Um dos projetos da instituição foi a criação do selo “Tem Trans Aqui” para indústrias. O ato é uma tentativa de conscientizar o grupo corporativo das empresas sobre o acolhimento de pessoas trans com palestras, dicas, instruções para que posteriormente os locais as contratem.
“Nós percebemos que em alguns casos não eram intolerância e sim ignorância, então decidimos aplicar essa conscientização nos ambientes de trabalho. Muitos realmente não sabem como usar os pronomes, não sabem o que é o nome social etc. Além da nossa tentativa de criar núcleos de inclusão em lugares em que não tenham”, declarou Bruniely.
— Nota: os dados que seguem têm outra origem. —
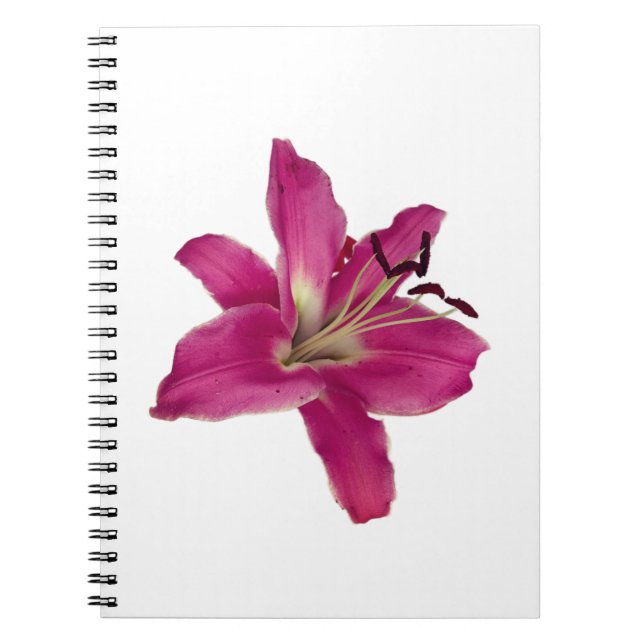 Elegantes Rosa Lily - Blumenästhetisches Notebook Notizblock (Vorderseite)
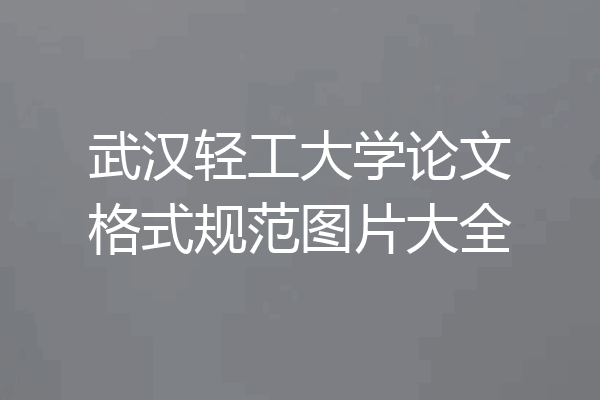 武汉轻工大学论文格式规范图片大全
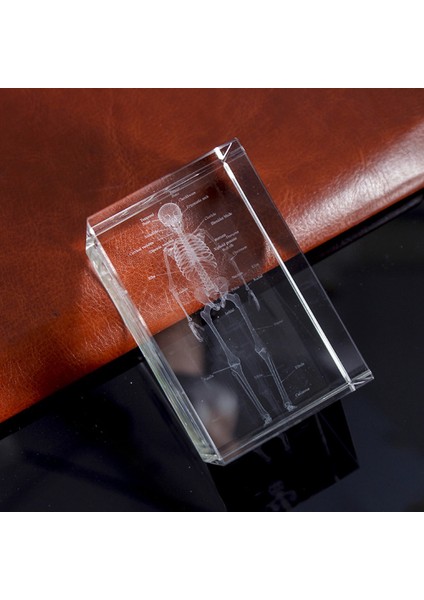 3D Lazer Kazınmış Insan Iskeleti Kristal Küp Figürleri, A (Yurt Dışından) fırsatları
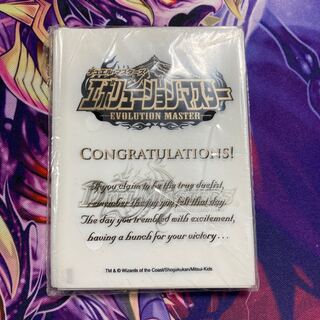 エボリューションマスター スリーブ 未開封の通販 tknr01（1872190224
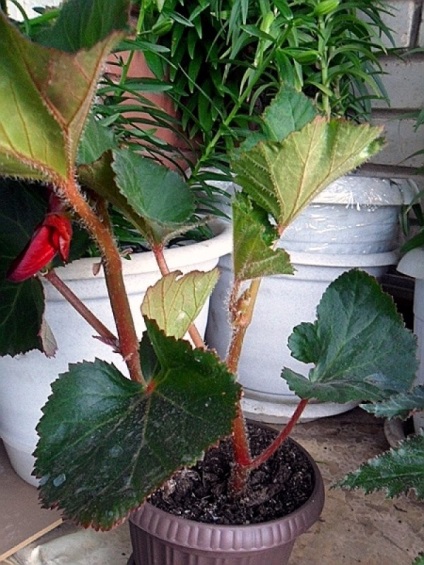 Decuparea begonia corectă și dacă este necesar să se taie pentru iarnă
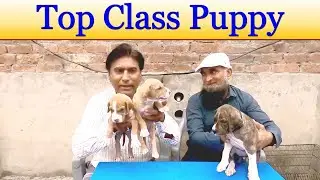 Pure Pakistani Bully Puppy | Amazing Bully Kutta Puppy | Pure Desi Bully Puppies @NAFATVHD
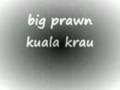 prawn!! sungai pahang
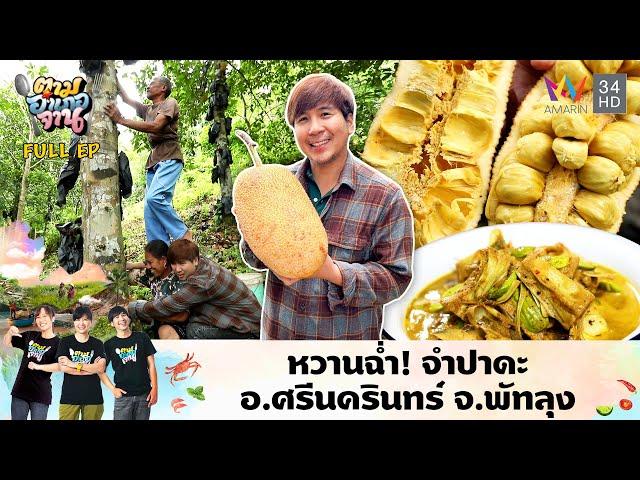 หวานฉ่ำ! จำปาดะ อ.ศรีนครินทร์ จ.พัทลุง  | ตามอำเภอจาน | 5 พ.ย. 67 Full EP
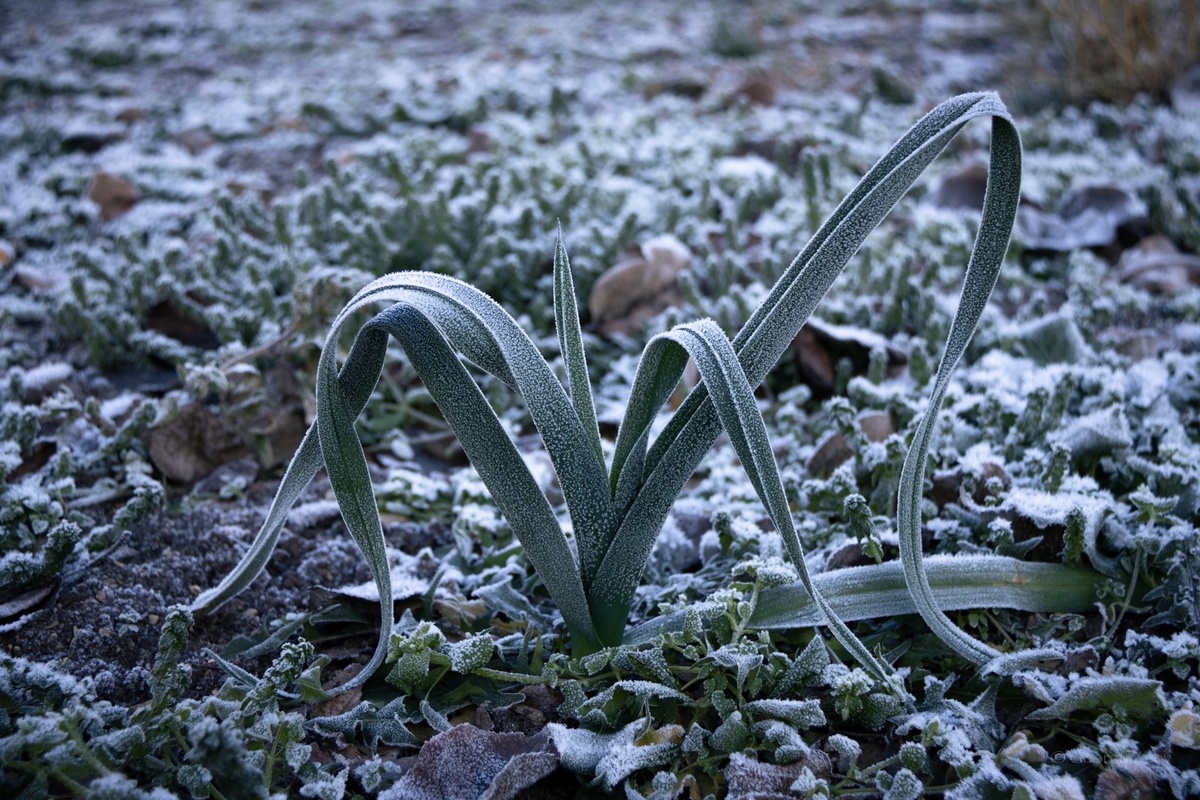 Автор фото:  Georgy_zuev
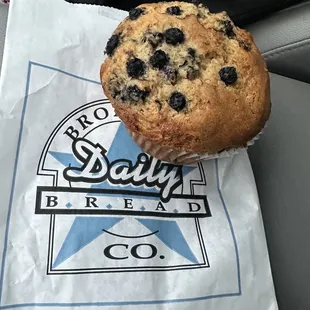 Blueberry  Muffin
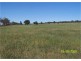 Pine Meadows, Rankins Springs NSW 2669
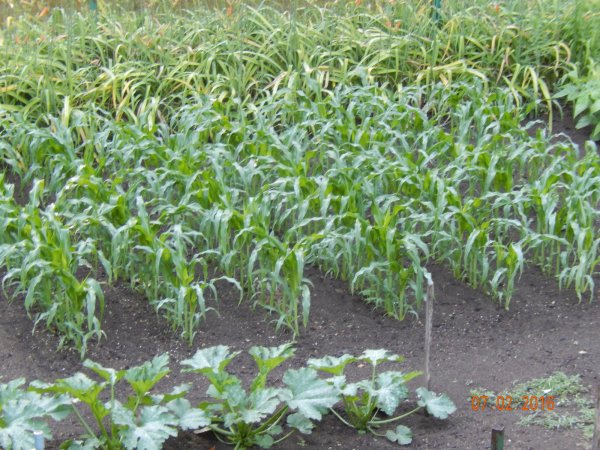 DSCN1208.JPG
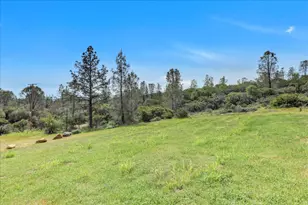 13886 Meadow Valley Rd, Dobbins, CA 95962 - Photo 87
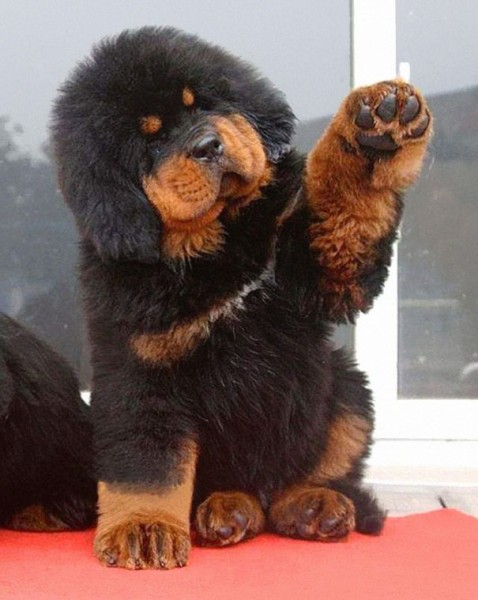 dog teddy bear 2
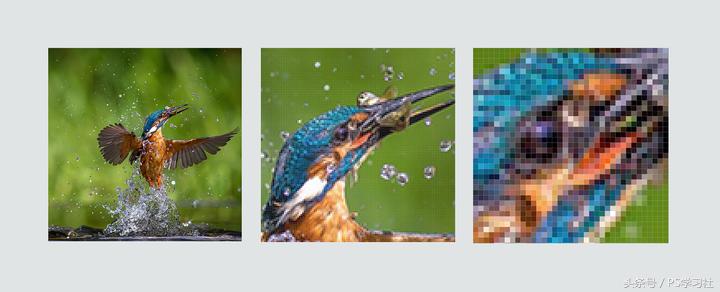 ps基础教程新手入门,苹果版ps基础教程新手入门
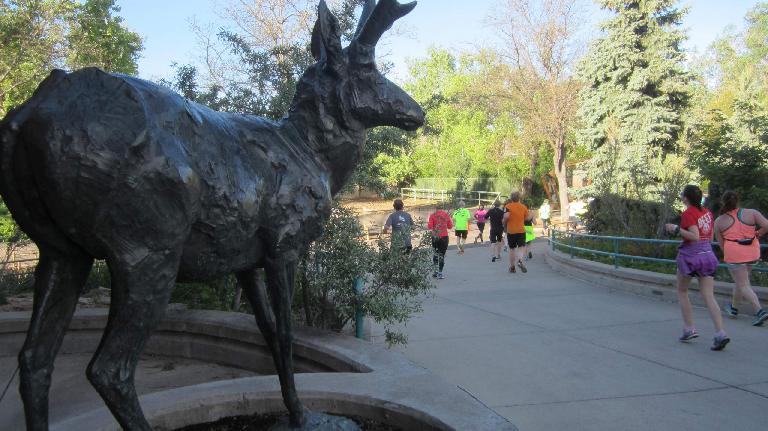 moose statue, Denver Zoo, 2015 Colfax Half Marathon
Ulisses Gianvani foi aluno de Eletricista no Senai e fez parte da turma formada apenas por pessoas transexuais.
Arquivo Pessoal
Vidas transformadas
Ulisses fez parte da primeira turma. Ele ressalta a importância de transexuais obterem uma formação profissional e poderem frequentar uma sala de aula.
“Além do desejo de ter uma CLT, o desejo da pessoa trans de estudar é grande. Historicamente somos negados em sala de aula. No ensino médio adicionaram meu nome social na chamada sem retirar o civil. Tomava falta em um se respondesse a presença somente no outro. Apesar de achar que pessoas trans devem frequentar salas com pessoas cis, este ambiente que criamos é propício para que a gente se desenvolva. Nos faz aprender muito mais”, alega.
O fato de poder retornarem aos estudos é encarado como uma grande vitória para o grupo de alunos. “A gente se sente capaz. Havia muitos anos que eu não entrava em uma sala de aula. Agora me sinto capaz, capaz de competir com uma pessoa cis. Vamos ter mais jeito de competir, mais coragem para entregar um currículo. Um conceito de equidade”, comentou Ulisses.
Ulisses conclui destacando a importância da oportunidade em sua vida. “Costumo dizer que foi um barquinho que passou do meu lado. Um barquinho que Deus mandou e eu tive que pular. Para pessoas cis passam um, dois, três, até dez barcos. O nosso é muito difícil e é quase uma jangada (risos)”, completou.